Leffert Lefferts (April 12, 1774 – March 22, 1847) was the first President of the Long Island Bank, the first bank in Brooklyn, New York.

==Early life==
Lefferts was born at the Bedford homestead on April 12, 1774. He was the son of Leffert Lefferts (1727–1804) and Dorothy (née Couwenhoven) Lefferts (1738–1816). The Lefferts family were an important family in the history of Brooklyn and were among the financiers of the State of New York.

He attended Columbia College in 1794.

==Career==
Lefferts, a Federalist, twice ran, unsuccessfully, for U.S. Congress, losing to his own cousin, John Lefferts, a Democratic-Republican, in 1813. He was also the first judge of Kings County. In 1824, Lefferts, along with Jehiel Jagger, Fanning C. Tucker, Jacob Hicks, Thomas Everitt Jr., founded the Long Island Bank, the first bank in Brooklyn, of which Lefferts served as president.

Judge Lefferts also owned substantial land holdings, which were managed by his son-in-law, James Carson Brevoort, who served as private secretary to Washington Irving when Irving was appointed as United States Minister to Spain in 1842. While members of his family owned slaves, including John Lefferts, Leffert himself did not, and instead, the 1830 census shows "three free people of color" living with members of his family.

==Personal life==
Lefferts was married to Maria Benson (1793–1875). Maria was the daughter of Dinah (née Couwenhoven) Benson and Lieutenant Colonel Robert Benson (1739–1823), Clerk of the New York State Senate. She was also the sister of New York City Alderman Egbert Benson and niece of U.S. Representative, Egbert Benson. Together, Maria and Leffert were the parents of:

- Elizabeth Dorothea Lefferts (1824–1896), who married James Carson Brevoort (1818–1887), a collector of rare books and coins, in 1845.
- Leffert Lefferts (1826–1827), who died young.

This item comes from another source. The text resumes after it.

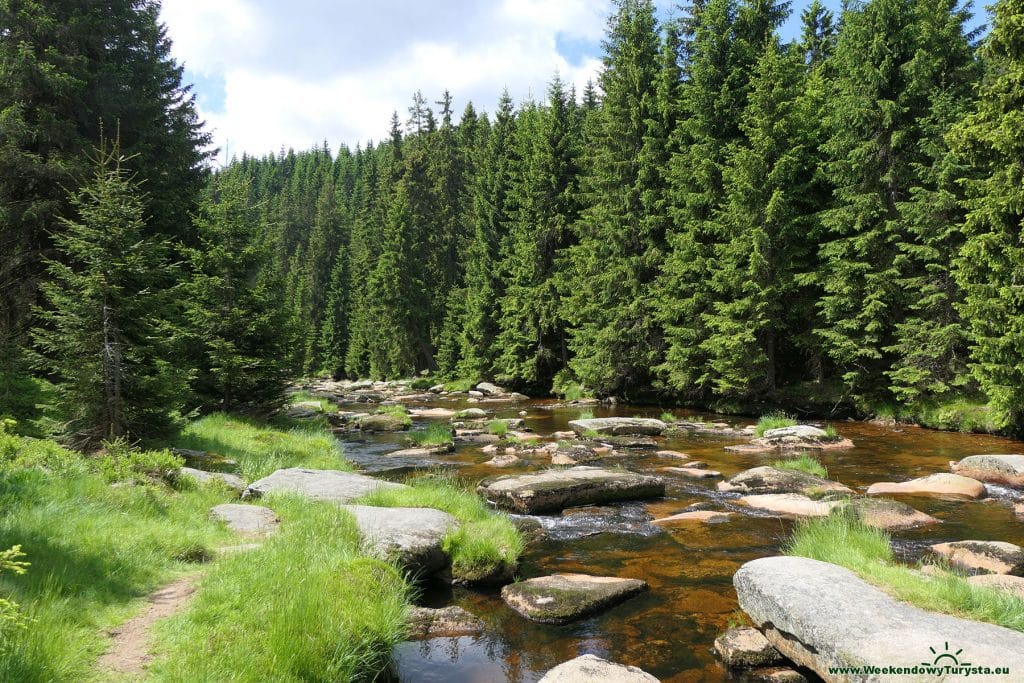 Szlaki w Górach Izerskich - szlak do Chatki Górzystów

Lefferts died on March 22, 1847. He is buried at Green-Wood Cemetery in Brooklyn.

===Descendants===
Through his daughter Elizabeth, he was the grandfather of Henry Lefferts Brevoort (1849–1895), who married Elizabeth Schermerhorn (1852–1928), a daughter of Alfred Schermerhorn and Elizabeth (née Barnewall) Schermerhorn (sister of Louisa Barnewall Van Rensselaer).